Encephalitogenic T-cell proliferation
TMOG raised from MOG35–55 immunized mice was obtained and maintained as previously described [8, 9, 27]. To assay the effect of DMH-CBD on TMOG proliferation, TMOG cells were cultured in 96-well plates (1.25×104 cells/well) together with splenic antigen-presenting cells (APCs; 5×105 cells/well). APCs were irradiated (25 Gy) before co-culturing to prevent them from proliferation. The co-cultured cells (TMOG/APCs) were maintained in 0.2 mL of RPMI medium containing 2.5% fetal calf serum, supplemented with streptomycin (100 μg/mL), penicillin (100 U/mL), 2 mM L-glutamine, and 50 μM β-mercaptoethanol. DMH-CBD at final doses of 0.1, 1, 5, and 10 μM was added to the cells together with the MOG35–55peptide at either 1 or 2.5 μg/mL. The cells were then incubated for 72 h at 37 °C in 5% CO2-humidified air. Cell proliferation was measured by pulsing the cells with [3H]thymidine (0.5 μCi/well; Perkin Elmer, Boston, MA, USA) for the last 16 h of the incubation period, and the cells were then harvested and counted using a Matrix 96 Direct β-counter (Packard Instruments, Meriden, CT, USA). The proliferative responses of the TMOG cells in each well were converted to percentage values with MOG35–55 effect expressed as 100%. Percentage values are calculated from the stimulation index data, which are the fold changes in mean counts per minutes (cpm) of MOG35–55 cultures over mean cpm of cultures without MOG (spontaneous proliferation). Statistical analysis was performed on percentage values [8, 27].
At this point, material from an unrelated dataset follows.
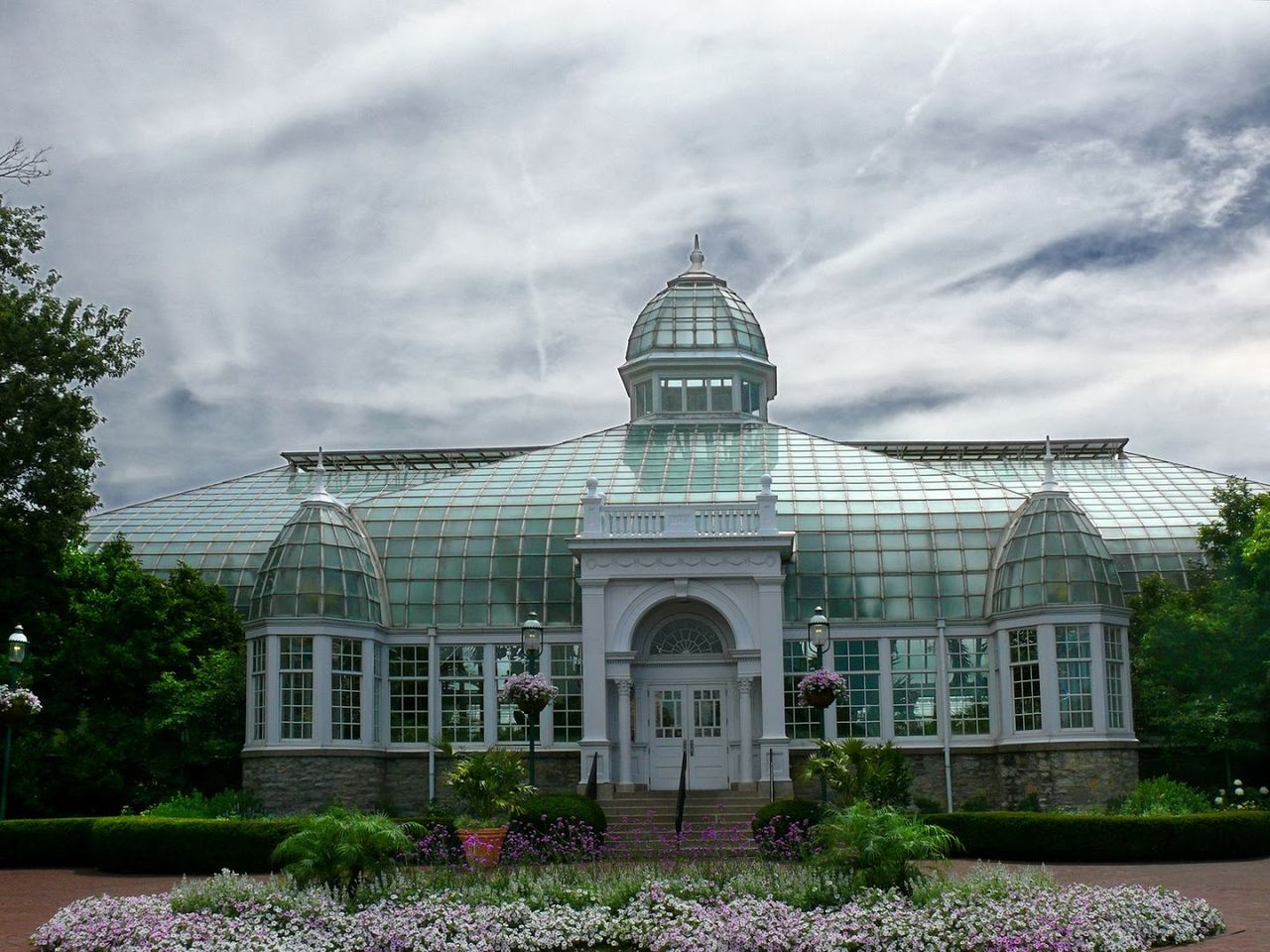 Franklin Park Conservatory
Data are expressed as the mean±SEM of three independent experiments and analyzed for statistical significance using Student’s t-test or one-way analysis of variance (ANOVA), followed by Dunnett’s or Newman-Keul’s post hoc test. p<0.05 was considered significant. GraphPad Prism 5 software (La Jolla, CA, USA) was used for statistical analysis of the data.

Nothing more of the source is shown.